- WHAT YOU ARE ASKED TO DO -
Using the data beneath this instruction, retype only the lines from the one that contains "Renault Master, 2.3 l., Коммерческий" down to the one that contains "White Fashionable Online", both included, exactly as they appear.

- TASK INPUTS -
--------------------------------

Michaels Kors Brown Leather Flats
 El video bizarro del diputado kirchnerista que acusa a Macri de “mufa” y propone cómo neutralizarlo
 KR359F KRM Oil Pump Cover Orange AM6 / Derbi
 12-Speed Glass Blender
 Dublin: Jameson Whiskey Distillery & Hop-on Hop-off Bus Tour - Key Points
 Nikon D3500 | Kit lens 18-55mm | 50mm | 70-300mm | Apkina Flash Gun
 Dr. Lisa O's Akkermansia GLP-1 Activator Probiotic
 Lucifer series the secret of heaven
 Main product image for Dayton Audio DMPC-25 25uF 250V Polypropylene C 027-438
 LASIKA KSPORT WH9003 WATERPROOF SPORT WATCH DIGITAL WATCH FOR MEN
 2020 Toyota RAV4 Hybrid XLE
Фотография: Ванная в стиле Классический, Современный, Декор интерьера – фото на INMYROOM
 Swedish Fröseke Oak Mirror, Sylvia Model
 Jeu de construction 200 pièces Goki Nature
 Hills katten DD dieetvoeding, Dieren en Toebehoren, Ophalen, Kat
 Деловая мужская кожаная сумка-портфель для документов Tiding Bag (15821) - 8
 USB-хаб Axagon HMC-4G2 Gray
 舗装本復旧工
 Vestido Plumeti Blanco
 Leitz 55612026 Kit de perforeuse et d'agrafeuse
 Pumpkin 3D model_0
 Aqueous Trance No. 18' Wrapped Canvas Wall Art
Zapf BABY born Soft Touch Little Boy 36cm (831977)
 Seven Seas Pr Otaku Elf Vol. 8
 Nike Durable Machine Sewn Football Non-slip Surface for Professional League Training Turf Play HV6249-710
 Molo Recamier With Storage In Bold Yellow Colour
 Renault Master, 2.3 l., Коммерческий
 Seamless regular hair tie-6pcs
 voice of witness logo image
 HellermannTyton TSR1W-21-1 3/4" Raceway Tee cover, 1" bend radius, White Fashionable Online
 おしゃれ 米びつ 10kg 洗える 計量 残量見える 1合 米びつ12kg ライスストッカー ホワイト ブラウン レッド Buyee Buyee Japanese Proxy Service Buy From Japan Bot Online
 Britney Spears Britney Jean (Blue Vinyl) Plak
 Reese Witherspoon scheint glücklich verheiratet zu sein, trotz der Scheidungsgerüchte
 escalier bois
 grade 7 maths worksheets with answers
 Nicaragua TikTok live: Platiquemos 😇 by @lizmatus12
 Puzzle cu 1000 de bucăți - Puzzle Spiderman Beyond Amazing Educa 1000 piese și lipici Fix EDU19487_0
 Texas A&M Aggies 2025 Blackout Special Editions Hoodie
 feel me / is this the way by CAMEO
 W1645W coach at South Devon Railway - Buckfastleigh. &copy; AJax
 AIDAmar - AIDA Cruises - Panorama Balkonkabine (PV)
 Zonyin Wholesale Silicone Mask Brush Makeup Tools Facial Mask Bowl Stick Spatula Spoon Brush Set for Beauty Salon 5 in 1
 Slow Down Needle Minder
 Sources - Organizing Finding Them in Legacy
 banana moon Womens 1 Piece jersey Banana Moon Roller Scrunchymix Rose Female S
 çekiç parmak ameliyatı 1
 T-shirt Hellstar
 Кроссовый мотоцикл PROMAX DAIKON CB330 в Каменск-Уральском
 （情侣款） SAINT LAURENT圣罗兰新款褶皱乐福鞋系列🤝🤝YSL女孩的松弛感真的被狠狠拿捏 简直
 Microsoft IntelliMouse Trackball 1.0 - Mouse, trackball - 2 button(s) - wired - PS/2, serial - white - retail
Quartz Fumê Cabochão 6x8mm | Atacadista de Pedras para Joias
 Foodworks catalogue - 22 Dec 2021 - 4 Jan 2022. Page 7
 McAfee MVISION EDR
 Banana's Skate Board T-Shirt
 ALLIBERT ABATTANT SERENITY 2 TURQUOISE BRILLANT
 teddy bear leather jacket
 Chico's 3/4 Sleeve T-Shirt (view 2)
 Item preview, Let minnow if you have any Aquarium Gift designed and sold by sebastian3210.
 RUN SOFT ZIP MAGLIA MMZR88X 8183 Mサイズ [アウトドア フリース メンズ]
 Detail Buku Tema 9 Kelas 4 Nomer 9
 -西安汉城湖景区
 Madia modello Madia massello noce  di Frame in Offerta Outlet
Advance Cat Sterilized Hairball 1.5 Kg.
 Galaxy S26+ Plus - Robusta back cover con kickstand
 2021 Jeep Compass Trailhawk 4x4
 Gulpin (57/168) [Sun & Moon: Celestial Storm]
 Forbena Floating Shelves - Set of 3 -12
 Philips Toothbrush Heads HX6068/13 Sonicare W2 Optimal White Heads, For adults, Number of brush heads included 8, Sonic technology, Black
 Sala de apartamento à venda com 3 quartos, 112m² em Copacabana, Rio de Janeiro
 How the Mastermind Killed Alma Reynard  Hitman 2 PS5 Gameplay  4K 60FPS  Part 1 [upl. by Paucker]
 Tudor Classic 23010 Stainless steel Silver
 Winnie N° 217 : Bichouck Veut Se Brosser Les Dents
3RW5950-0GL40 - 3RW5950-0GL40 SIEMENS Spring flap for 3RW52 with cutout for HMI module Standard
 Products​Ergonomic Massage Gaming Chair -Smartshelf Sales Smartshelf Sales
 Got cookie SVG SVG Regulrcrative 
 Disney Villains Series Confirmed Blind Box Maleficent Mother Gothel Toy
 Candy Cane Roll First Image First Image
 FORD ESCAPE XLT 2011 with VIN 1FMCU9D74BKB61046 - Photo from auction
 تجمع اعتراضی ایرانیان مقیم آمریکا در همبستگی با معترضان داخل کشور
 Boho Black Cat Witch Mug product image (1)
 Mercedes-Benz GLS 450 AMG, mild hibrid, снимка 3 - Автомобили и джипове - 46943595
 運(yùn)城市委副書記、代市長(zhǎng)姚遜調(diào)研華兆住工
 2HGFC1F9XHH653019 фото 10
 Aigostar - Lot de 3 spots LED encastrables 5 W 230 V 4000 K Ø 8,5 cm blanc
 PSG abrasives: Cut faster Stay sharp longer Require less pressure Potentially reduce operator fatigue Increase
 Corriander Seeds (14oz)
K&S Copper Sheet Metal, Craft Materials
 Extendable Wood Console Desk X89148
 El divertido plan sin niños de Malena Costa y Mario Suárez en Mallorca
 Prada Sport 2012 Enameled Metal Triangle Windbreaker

--------------------------------

- COMPLETED EXERCISE -
 Renault Master, 2.3 l., Коммерческий
 Seamless regular hair tie-6pcs
 voice of witness logo image
 HellermannTyton TSR1W-21-1 3/4" Raceway Tee cover, 1" bend radius, White Fashionable Online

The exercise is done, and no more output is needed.